警察すら動かない「日本の沈黙」が助長させた...「堕ちた帝国」の進むべき道とは?
The Rise and Fall of a Dynasty
ある大手音楽レーベルの元幹部によれば、電話してきて、誰を起用すべきかを「強く推薦」するのは、姉のメリー(故・藤島メリー泰子)だったという。
「強権的だったのはメリーのほうだ」。この人物いわく、「そうしたDNAを受け継いでいたのは、ジュリー(メリーの娘で、19年のジャニーの死後、社長を務めた藤島ジュリー景子)よりも、飯島さん(元幹部の飯島三智)だった」ということだ。
メリーの強権ぶりは、映画プロデューサーの奥山和由も最近、X(旧ツイッター)への投稿で振り返っている。

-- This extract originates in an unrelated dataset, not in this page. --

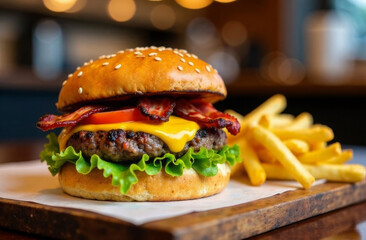 Classic burger with juicy patty, fried bacon, fresh herbs and cheese lies on wooden board, with french fries next to it. Background cafe blur. Unhealthy food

奥山が1989年の映画『226』にジャニーズ事務所を退所した俳優の本木雅弘を起用しようとすると、メリーから電話があり、再考を促された。奥山はそれでも本木を起用したが、それ以降、ジャニーズ事務所からは「出禁的待遇」になった。
35年前の話。
— 奥山和由 Okuyama Kazuyoshi (@teamokuyama2017) August 29, 2023
「226」ジャニーズをやめたばかりの本木雅弘をキャスティング。メリー喜多川さんより「よく考えて」と。「ダメならハッキリそう言ってください」と返事。「ダメとは言わない、もう一度よく考えて」と。熟考して魅力を感じての配役、本木で決行。
あれ以来ジャニーズ事務所、出禁的待遇。
喜多川の性的虐待が報道され始めて以降、日本の音楽業界関係者は(依然として匿名だが)この問題について強い思いを私に語るようになった。

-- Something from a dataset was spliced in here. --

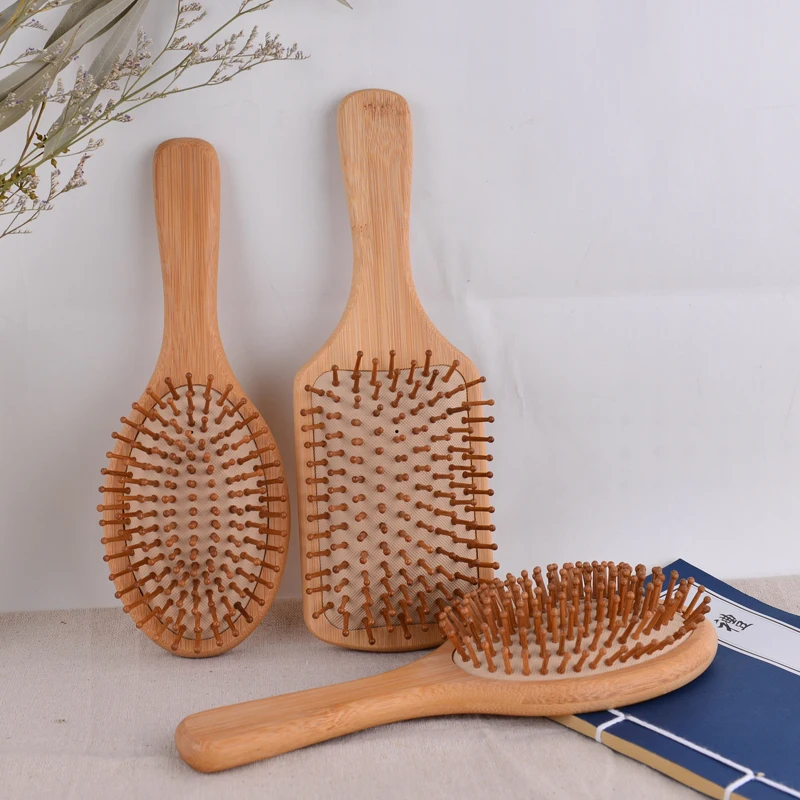 OEM Натуральный экологичный Квадратный Бамбуковый деревянный лопастной массажный шампунь для кожи головы раскладная щетка для волос бамбуковая щетка для волос с фирменным логотипом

そうした業界関係者の見方はもっぱら、事務所が喜多川の性的虐待を隠蔽してきた可能性が高いというものだ。
しかし、日本社会で権力を握っている人たちの協力がなければ、隠蔽は不可能だっただろう。「日本のメディアは報道する義務を怠ってきた......沈黙し続けた。そうやって、ほかのあらゆる罪が犯される土壌をつくった」と、ある業界幹部は言う。